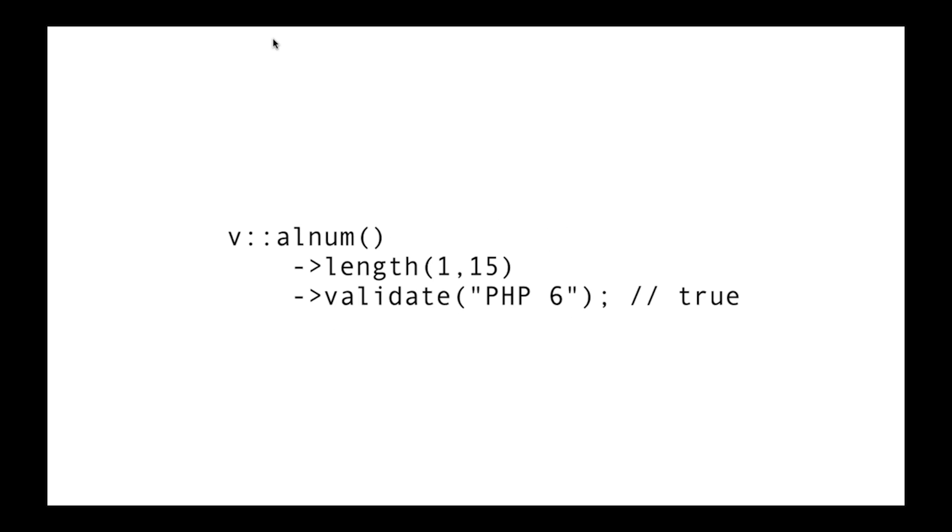But if you're looking for something with a bit more kick, you can check out a project called Respect Validation. We can create a validation rule that's alphanumeric, specify a length of 1 to 15 characters, and then pass a string in to validate it. There are all sorts of different rules, and they get increasingly complex depending on how long you want to chain this fluent interface.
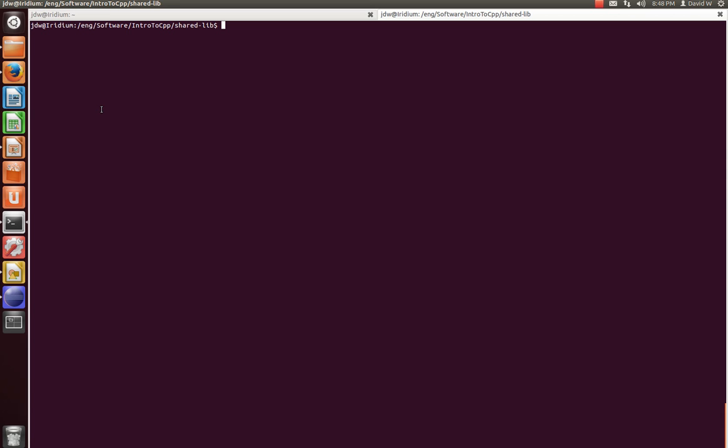So to get started, let's make a few directories on the command line. We're going to make dir code, where we'll store our shared library CPP files. IDE, which will store our Eclipse .project and .cproject. Inc, which will store our shared library's API, or the header file.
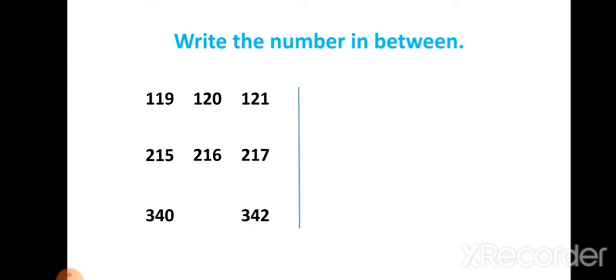Students, here given 340 and 342. Two numbers are given but the between number is missing. We have to write the between number of 340 and 342. Here comes 341. So 341 is the between number of 340 and 342.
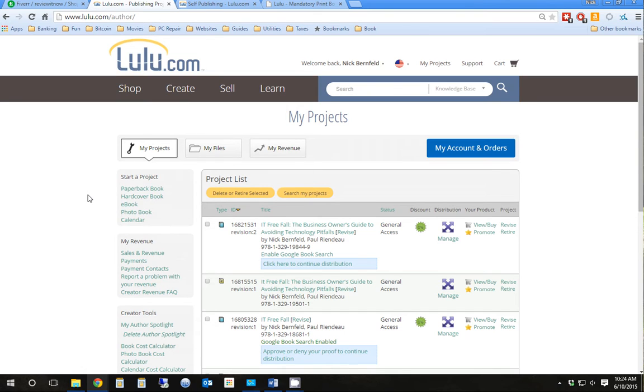Hello, this is Nick from Review Outlaw. Today I'm going to show you how to post your book, either your e-book or just a book you've self-published to Lulu.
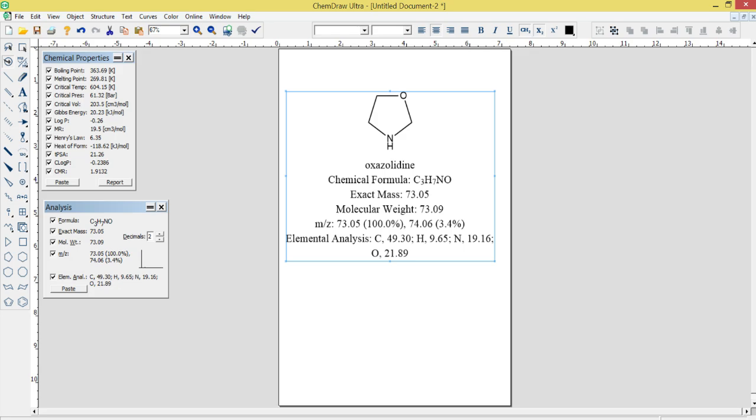Data Exchange: ChemDraw Ultra 12.0 supports a wide range of data exchange formats, including ChemDraw Native Format, SMILES, InChI, and others. This makes it easy to import and export chemical structures and data from other applications and databases.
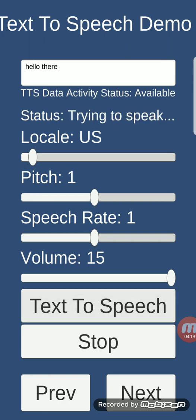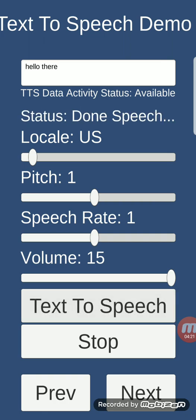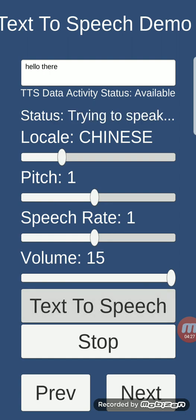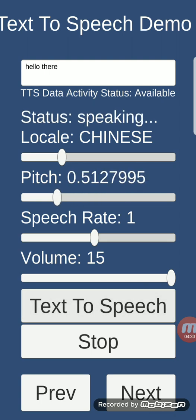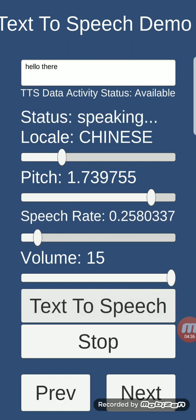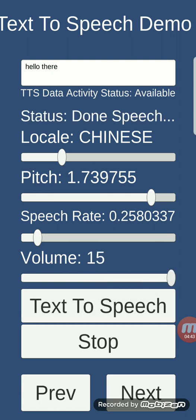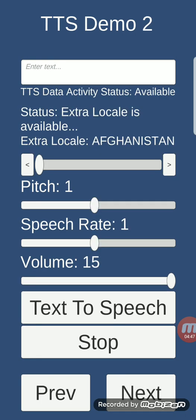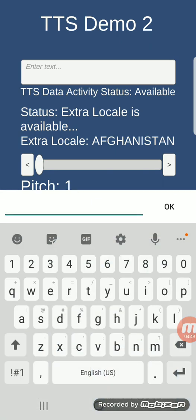Text-to-speech demo: here you can type any text, then click 'Text to Speech'. It will say 'Hello there.' You can choose any locale that is available. You can change the speech rate and the volume — for example: 'Hello there... Hello there... Hello there.'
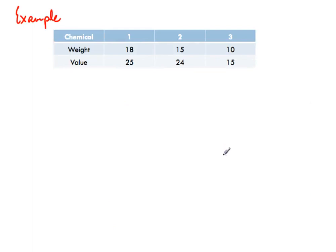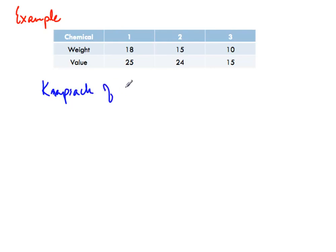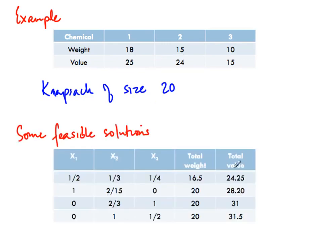Here is an example. We have three chemicals 1, 2, and 3. Their weights are 18, 15, and 10, and their values are 25, 24, and 15. We have a knapsack of capacity 20. The total weight is 18 + 15 + 10 = 43, so we cannot take all of it — we can only take 20 units total, but we can divide the chemicals up.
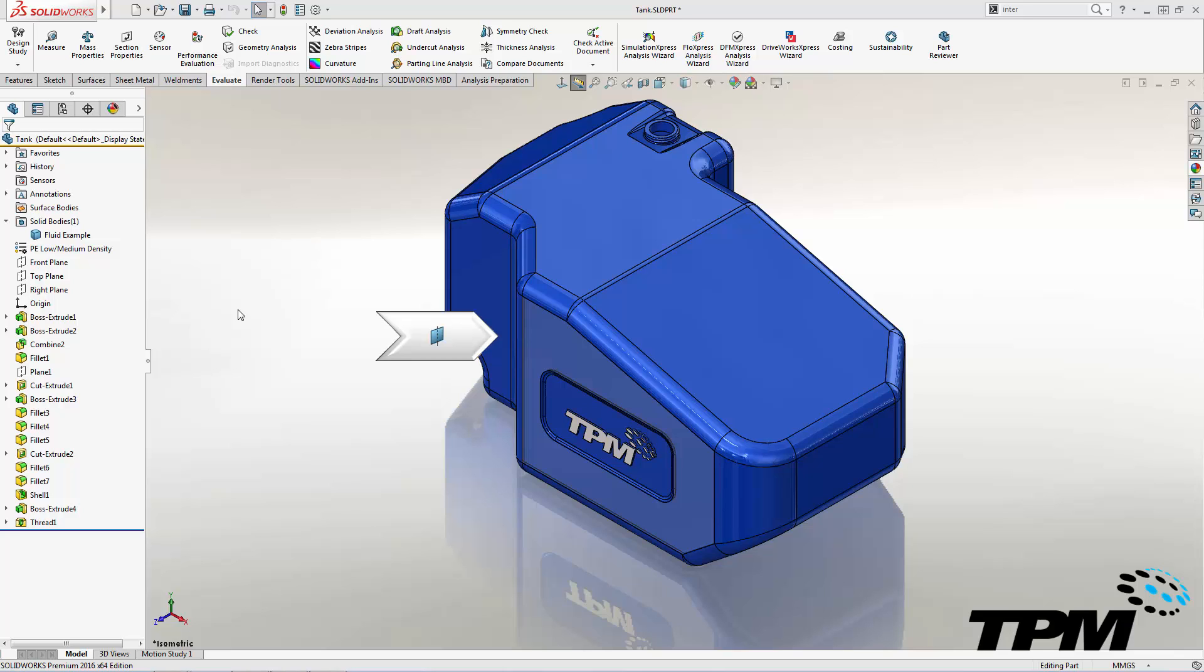We'll use a plane to represent the level the tank will be filled to, use the Intersect tool to create the internal volume that represents the fluid, then check the volume with mass properties.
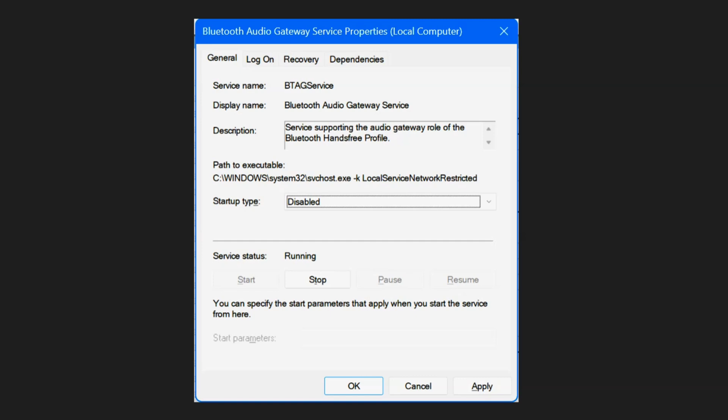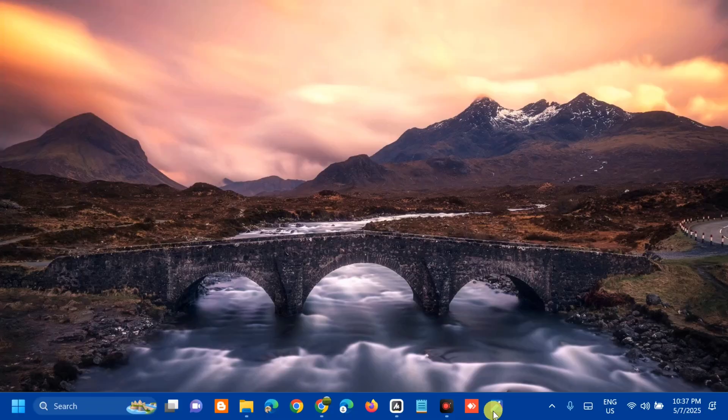I'll show you how to disable it. Without further ado, let's go ahead. All you have to do is disable the Audio Gateway service.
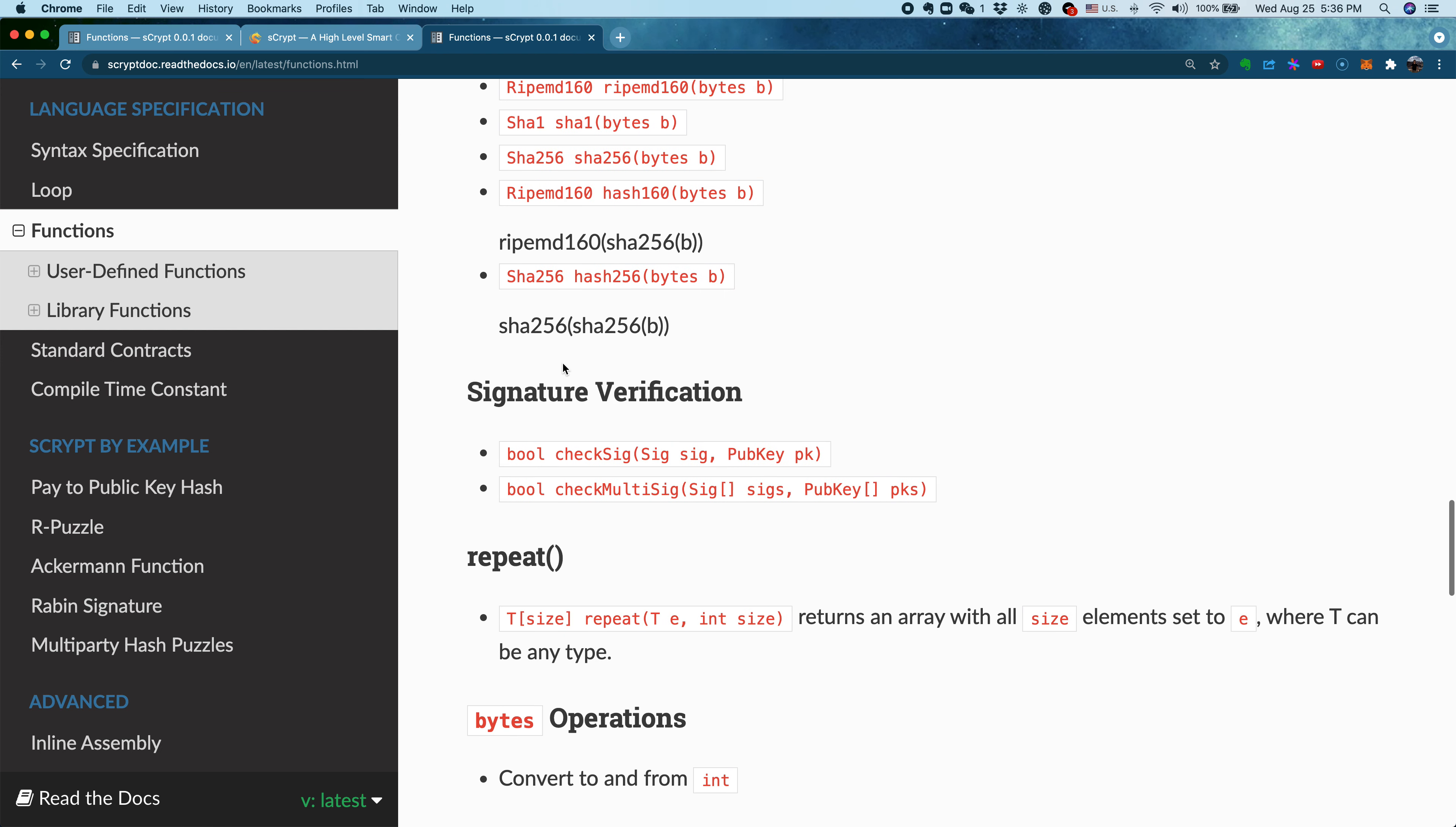Also, very commonly in Bitcoin when we transfer, when we place requirements on how you spend coins, usually we need the receiver to provide a signature for the corresponding public key. For this purpose, we have a checkSig function. We also have the multi-sig version, called checkMultiSig.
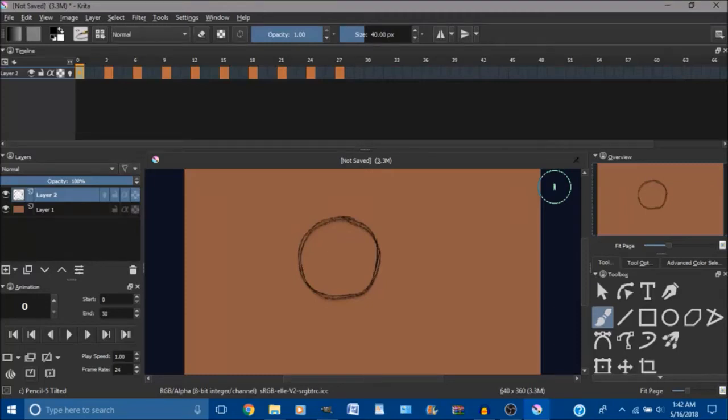Hello everyone and welcome back to my channel. In this video I'm going to show you how to duplicate a frame in Krita for animation.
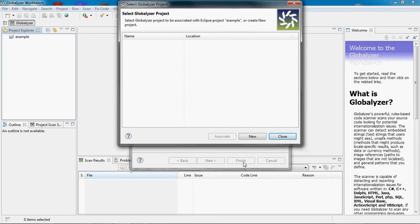Since this is the first project here in Globalizer, there are no configurations created yet to be associated with this project. So let's click New.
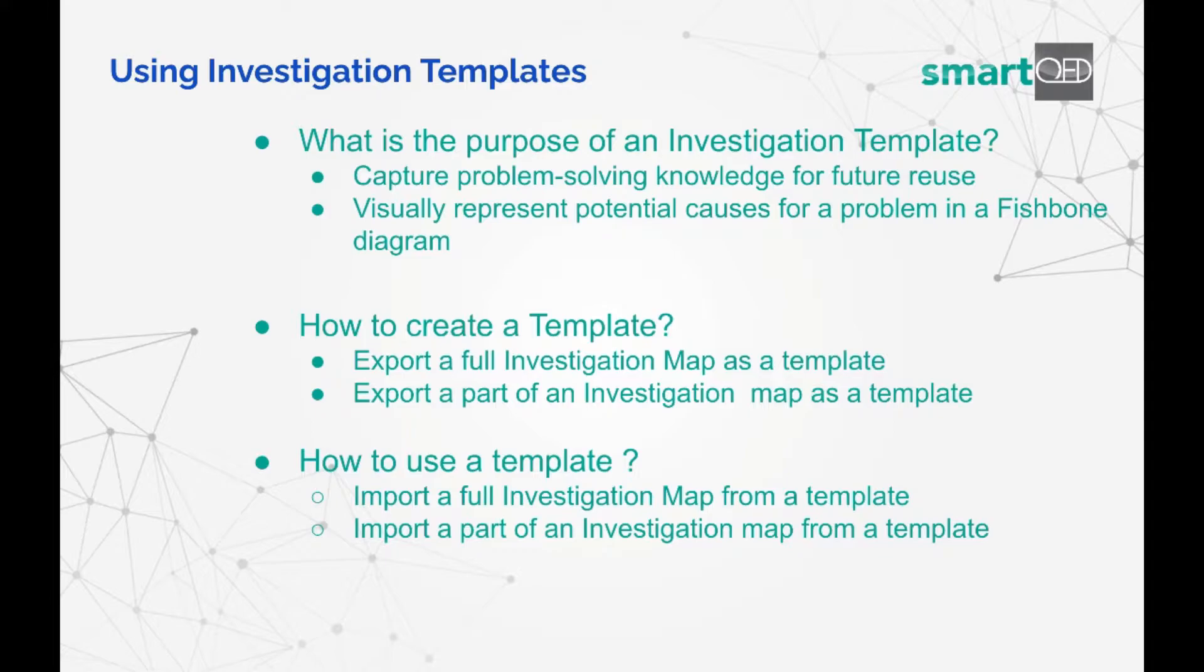You can reuse a template by importing a saved template into a full investigation map or into just a part of an investigation map, such as a cause or sub-cause.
- - - -
Work request: Using the entries above, reproduce word for word only the lines from the one that contains "Hello everyone and" to the one that contains "Since this is", both ends included, and drop every picture.

Answer below:
Hello everyone and welcome back to my channel. In this video I'm going to show you how to duplicate a frame in Krita for animation.
Since this is the first project here in Globalizer, there are no configurations created yet to be associated with this project. So let's click New.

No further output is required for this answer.